Phonemic Representation and Transcription for Speech to Text
Applications for Under-resourced Indigenous African Languages: The Case of
Kiswahili
- URL: http://arxiv.org/abs/2210.16537v1
- Date: Sat, 29 Oct 2022 09:04:09 GMT
- Title: Phonemic Representation and Transcription for Speech to Text
Applications for Under-resourced Indigenous African Languages: The Case of
Kiswahili
- Authors: Ebbie Awino, Lilian Wanzare, Lawrence Muchemi, Barack Wanjawa, Edward
Ombui, Florence Indede, Owen McOnyango, Benard Okal
- Abstract summary: It has emerged that several African indigenous languages, including Kiswahili, are technologically under-resourced.
This paper explores the transcription process and the development of a Kiswahili speech corpus.
It provides an updated Kiswahili phoneme dictionary for the ASR model that was created using the CMU Sphinx speech recognition toolbox.
- Score: 0.0
- License: http://creativecommons.org/licenses/by/4.0/
- Abstract: Building automatic speech recognition (ASR) systems is a challenging task,
especially for under-resourced languages that need to construct corpora nearly
from scratch and lack sufficient training data. It has emerged that several
African indigenous languages, including Kiswahili, are technologically
under-resourced. ASR systems are crucial, particularly for the hearing-impaired
persons who can benefit from having transcripts in their native languages.
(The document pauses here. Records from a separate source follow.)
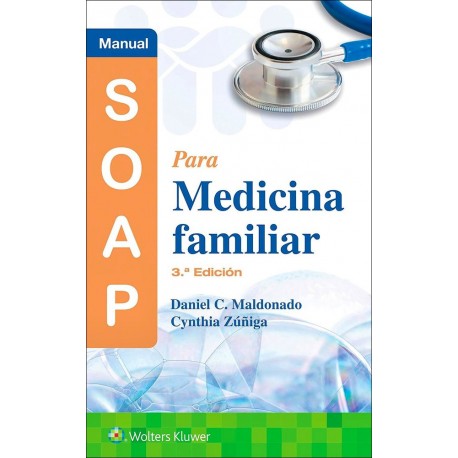 MANUAL SOAP PARA MEDICINA FAMILIAR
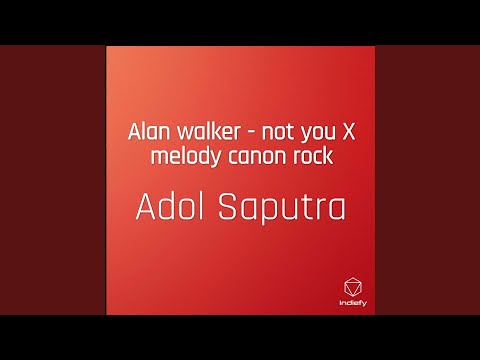 Alan walker - not you X melody canon rock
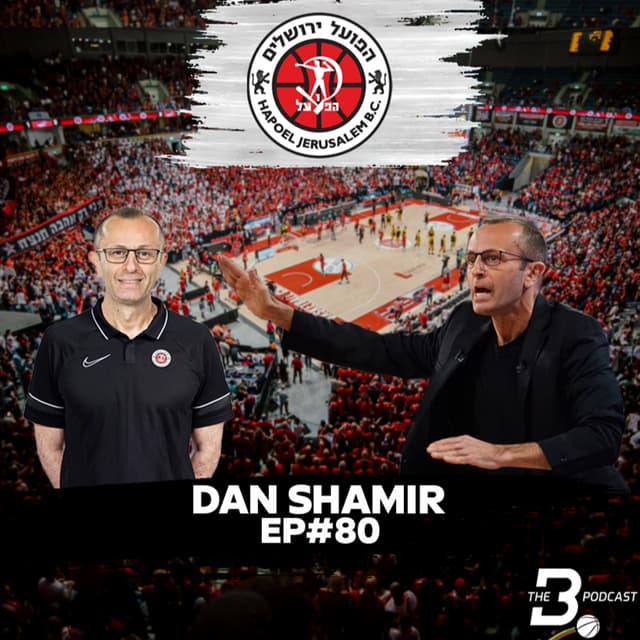EP#80 Dan Shamir (Hapoel Jerusalem) - Showing willingness to change roles and grow!
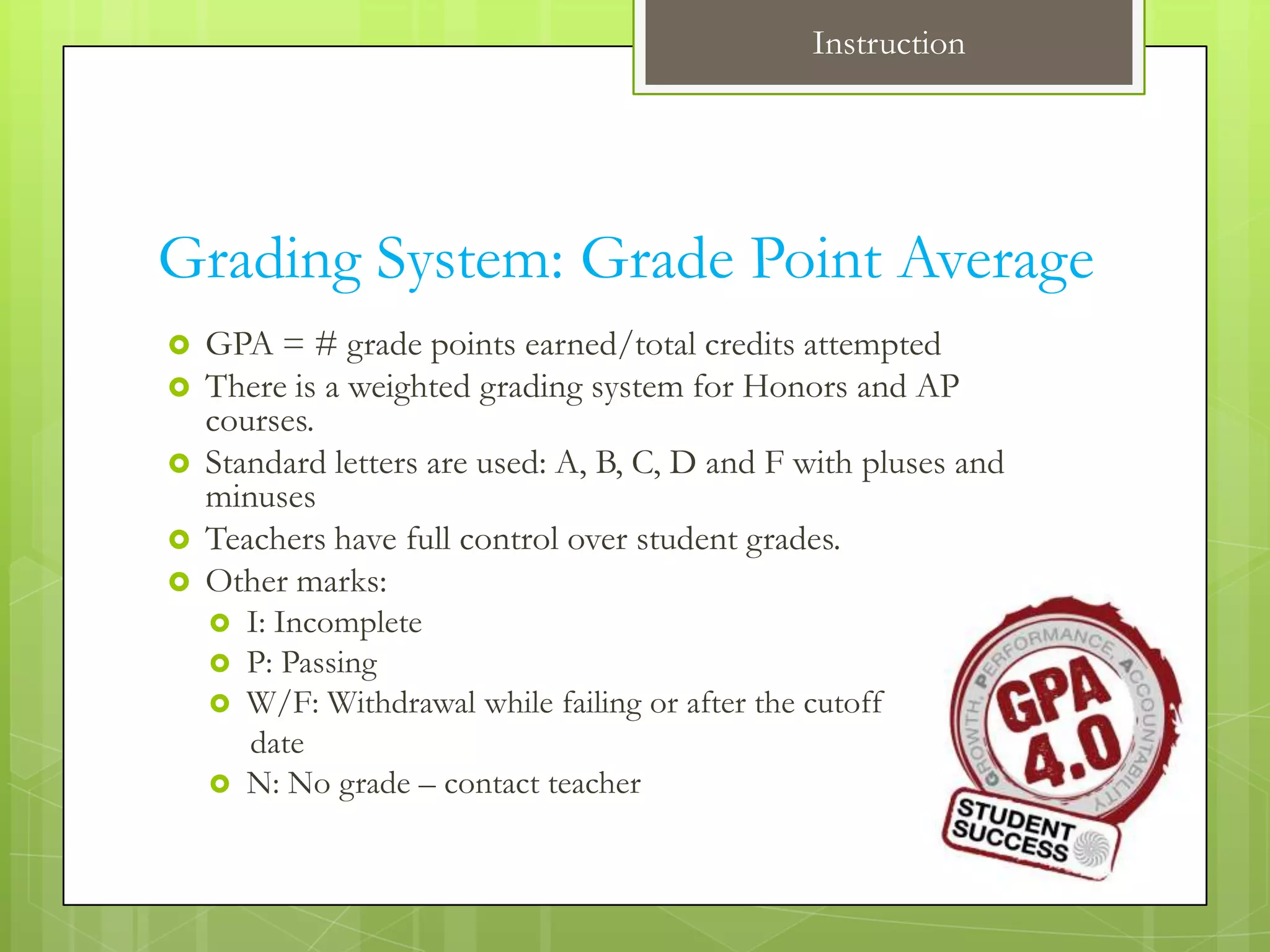 Instruction




Grading System: Grade Point Average
   GPA = # grade points earned/total credits attempted
   There is a weighted grading system for Honors and AP
    courses.
   Standard letters are used: A, B, C, D and F with pluses and
    minuses
   Teachers have full control over student grades.
   Other marks:
       I: Incomplete
       P: Passing
       W/F: Withdrawal while failing or after the cutoff
        date
       N: No grade – contact teacher
 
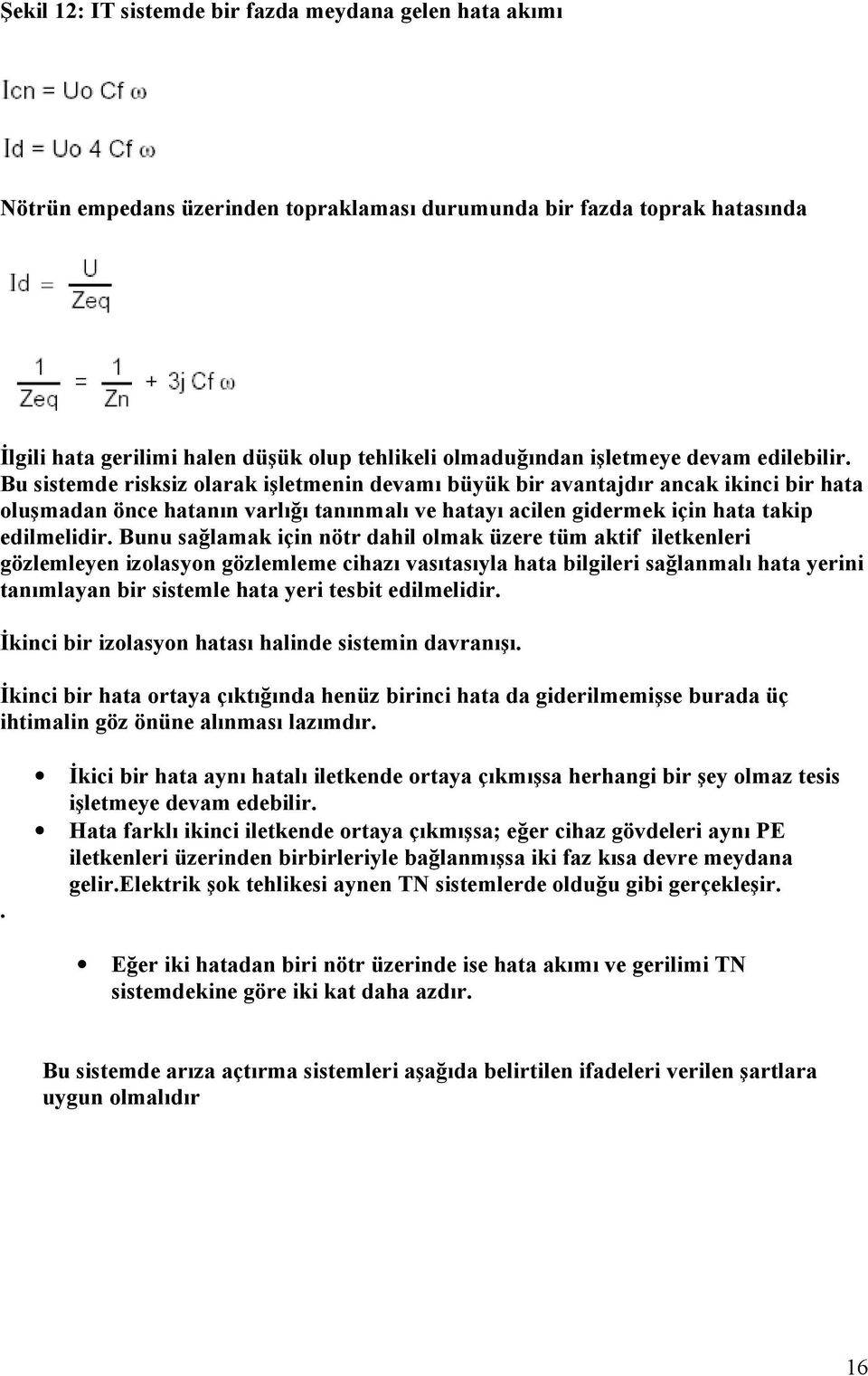 unu sğlmk için nötr hil olmk üzere tüm ktif iletkenleri gözlemleyen izolsyon gözlemleme cihzı vsıtsıyl ht bilgileri sğlnmlı ht yerini tnımlyn bir sistemle ht yeri tesbit eilmeliir.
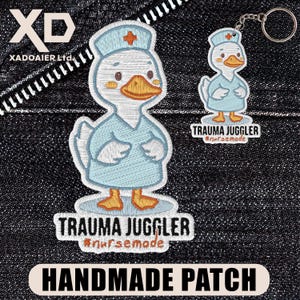Trauma Juggler Patch Funny Meme Humor Duck Nurse Healthcare Embroidered Patch Iron On Keychains Hook & Loop For Jacket Hat Jeans Backpack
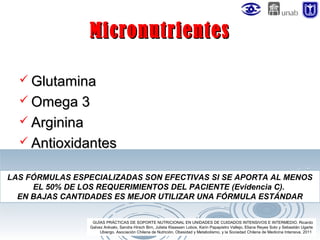 Micronutrientes
 Glutamina
 Omega 3
 Arginina
 Antioxidantes
LAS FÓRMULAS ESPECIALIZADAS SON EFECTIVAS SI SE APORTA AL MENOS
EL 50% DE LOS REQUERIMIENTOS DEL PACIENTE (Evidencia C).
EN BAJAS CANTIDADES ES MEJOR UTILIZAR UNA FÓRMULA ESTÁNDAR
GUÍAS PRÁCTICAS DE SOPORTE NUTRICIONAL EN UNIDADES DE CUIDADOS INTENSIVOS E INTERMEDIO. Ricardo
Galvez Arévalo, Sandra Hirsch Birn, Julieta Klaassen Lobos, Karin Papapietro Vallejo, Eliana Reyes Soto y Sebastián Ugarte
Ubiergo. Asociación Chilena de Nutrición, Obesidad y Metabolismo, y la Sociedad Chilena de Medicina Intensiva. 2011

 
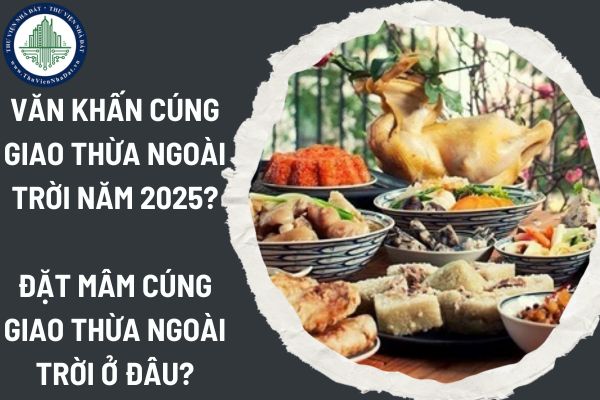 Văn khấn cúng giao thừa ngoài trời năm Ất Tỵ 2025? Đặt mâm cúng giao thừa ngoài trời ở đâu?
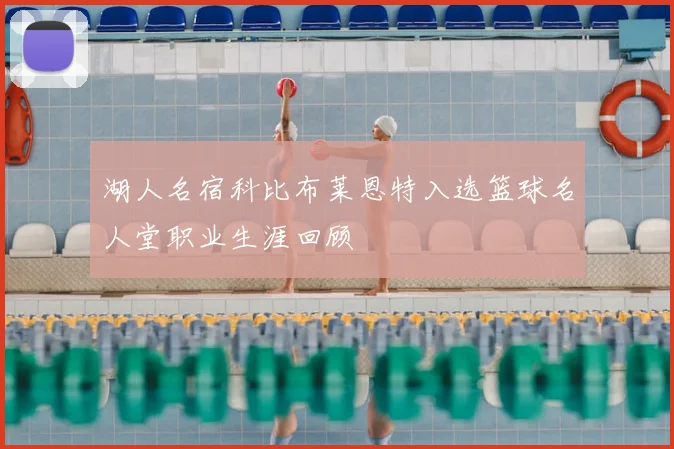 湖人名宿科比布莱恩特入选篮球名人堂职业生涯回顾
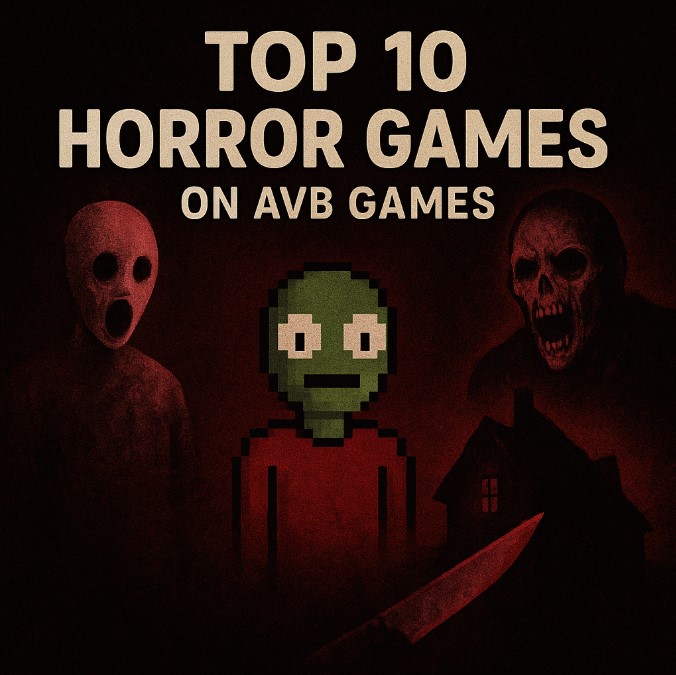 Top 10 Horror Games to Play on AVB Games – Dare to Face the Fear
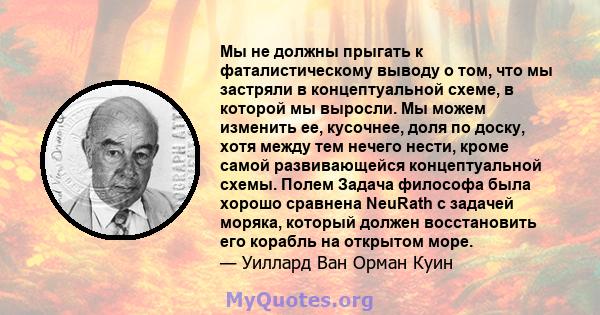 Мы не должны прыгать к фаталистическому выводу о том, что мы застряли в концептуальной схеме, в которой мы выросли. Мы можем изменить ее, кусочнее, доля по доску, хотя между тем нечего нести, кроме самой развивающейся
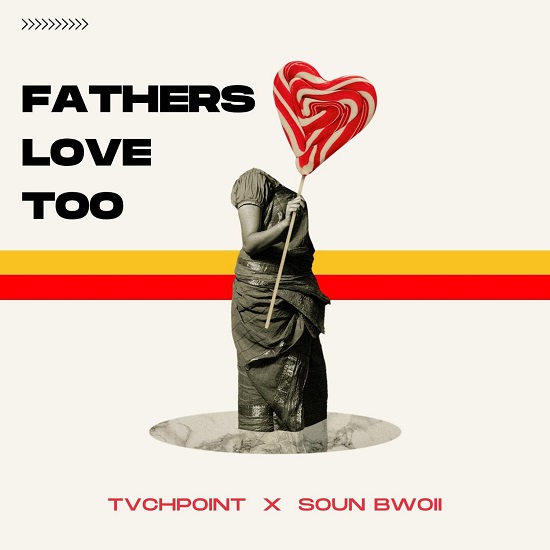 TvchPoint  - Fathers Love Too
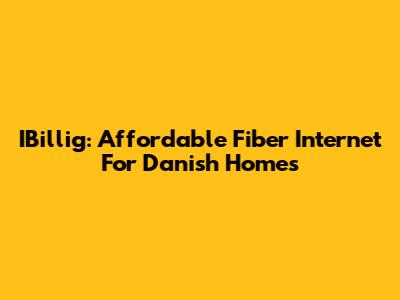 IBillig: Affordable Fiber Internet For Danish Homes
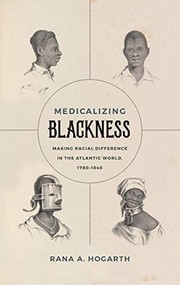 Medicalizing blackness : making racial difference in the Atlantic world, 1780-1840 /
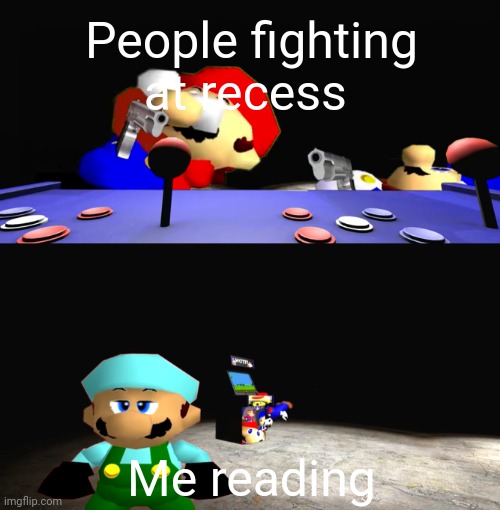 SMG4 and Mario fighting over something whilst X is dissapointed | People fighting at recess; Me reading | image tagged in smg4 and mario fighting over something whilst x is dissapointed | made w/ Imgflip meme maker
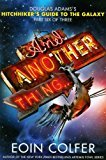 And Another Thing... (The Hitchhiker's Guide to the Galaxy) - RHM Bookstore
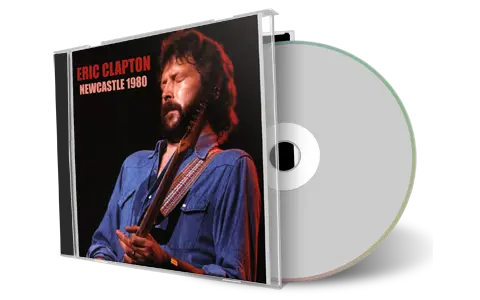 Artwork Cover of Eric Clapton 1980-05-07 CD Newcastle Audience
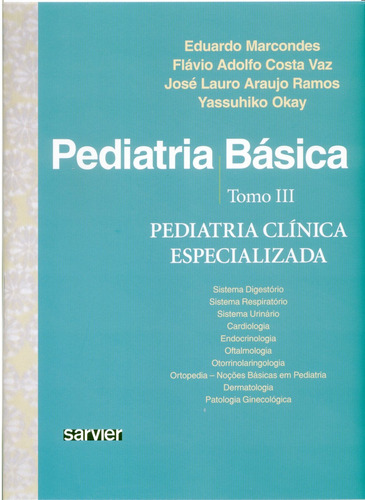 Pediatria básica - Tomo III - Pediatria clínica especializada, de Marcondes. Sarvier Editora de Livros Médicos Ltda, capa mole em português, 2004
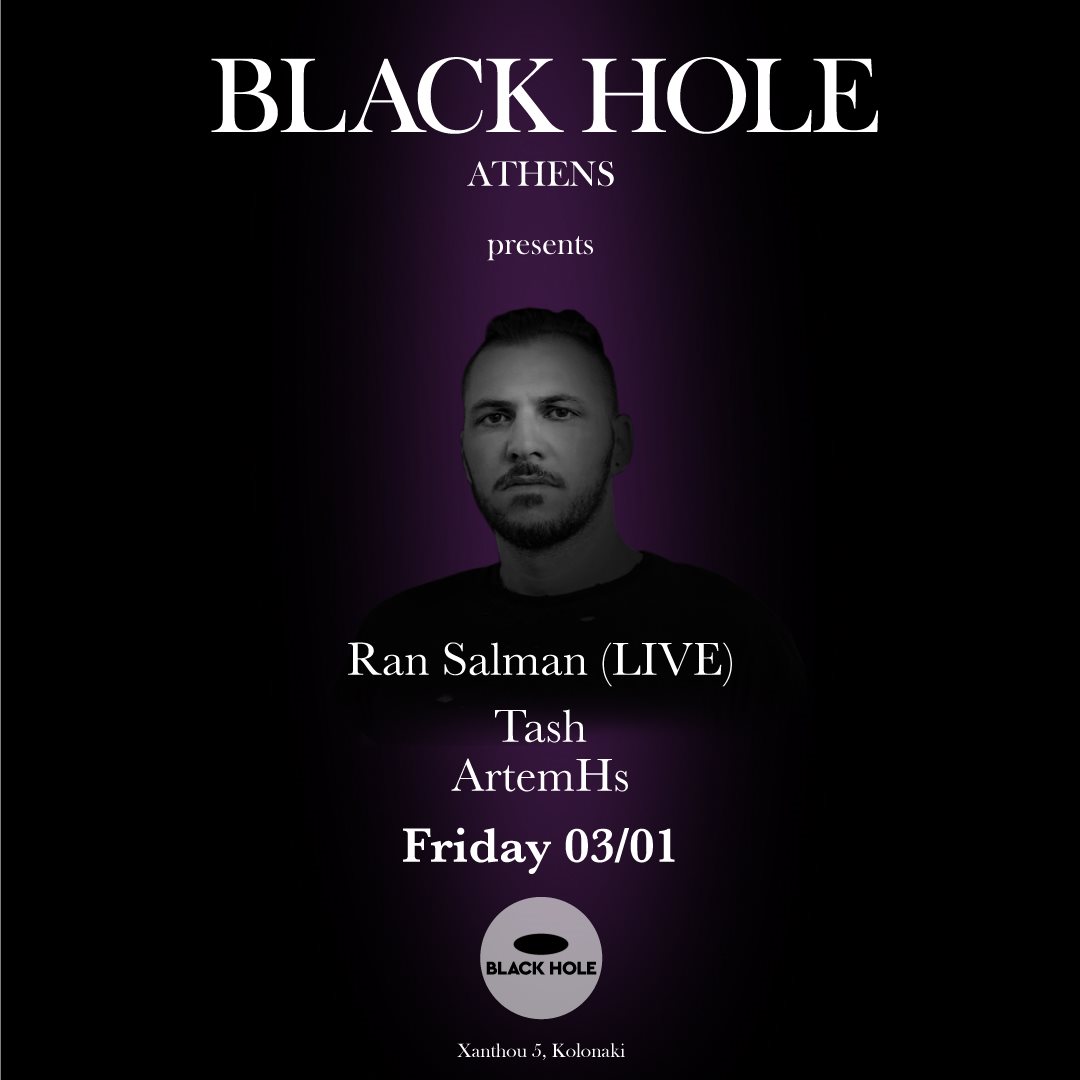 Black Hole Athens Pres. Ran Salman (Live) /Tash at Black Hole Athens, Greece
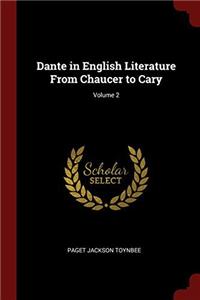 Dante in English Literature From Chaucer to Cary; Volume 2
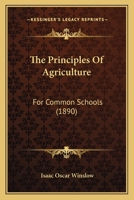 The principles of agriculture for common schools 1530497213 Book Cover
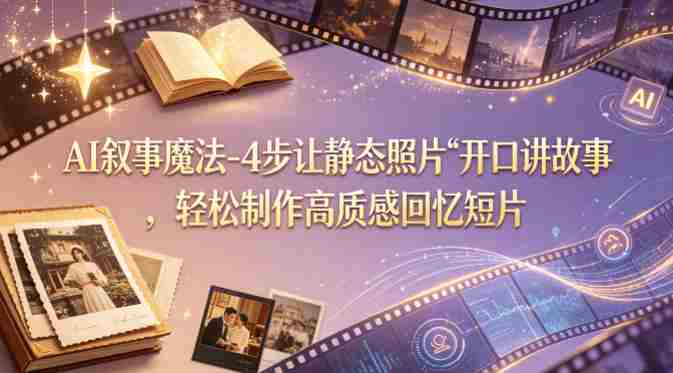 AI叙事魔法-4步让静态照片“开口讲故事”,轻松制作高质感回忆短片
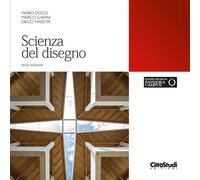 Libri Mario Docci, Marco Gaiani - Scienza del disegno - 2021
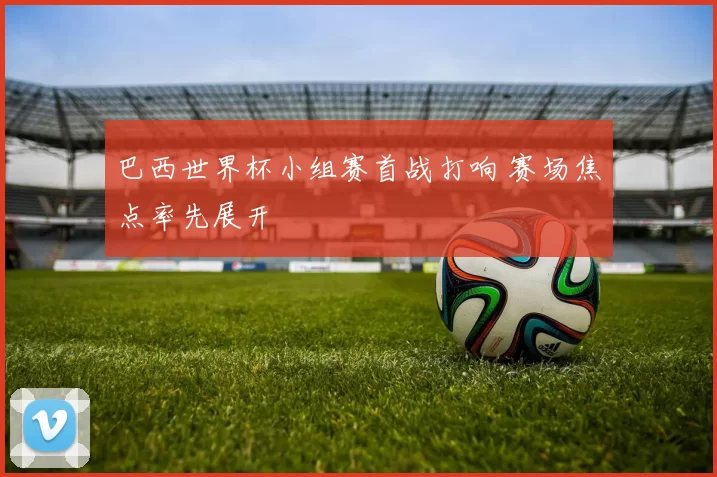 巴西世界杯小组赛首战打响 赛场焦点率先展开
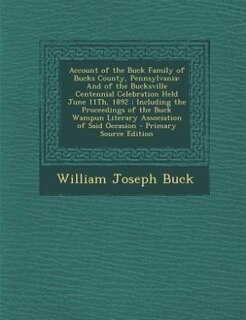 Front cover_Account of the Buck Family of Bucks County, Pennsylvania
However, the absence of transcribed speech datasets has complicated efforts to
develop ASR models for these indigenous languages. This paper explores the
transcription process and the development of a Kiswahili speech corpus, which
includes both read-out texts and spontaneous speech data from native Kiswahili
speakers. The study also discusses the vowels and consonants in Kiswahili and
provides an updated Kiswahili phoneme dictionary for the ASR model that was
created using the CMU Sphinx speech recognition toolbox, an open-source speech
recognition toolkit. The ASR model was trained using an extended phonetic set
that yielded a WER and SER of 18.87% and 49.5%, respectively, an improved
performance than previous similar research for under-resourced languages.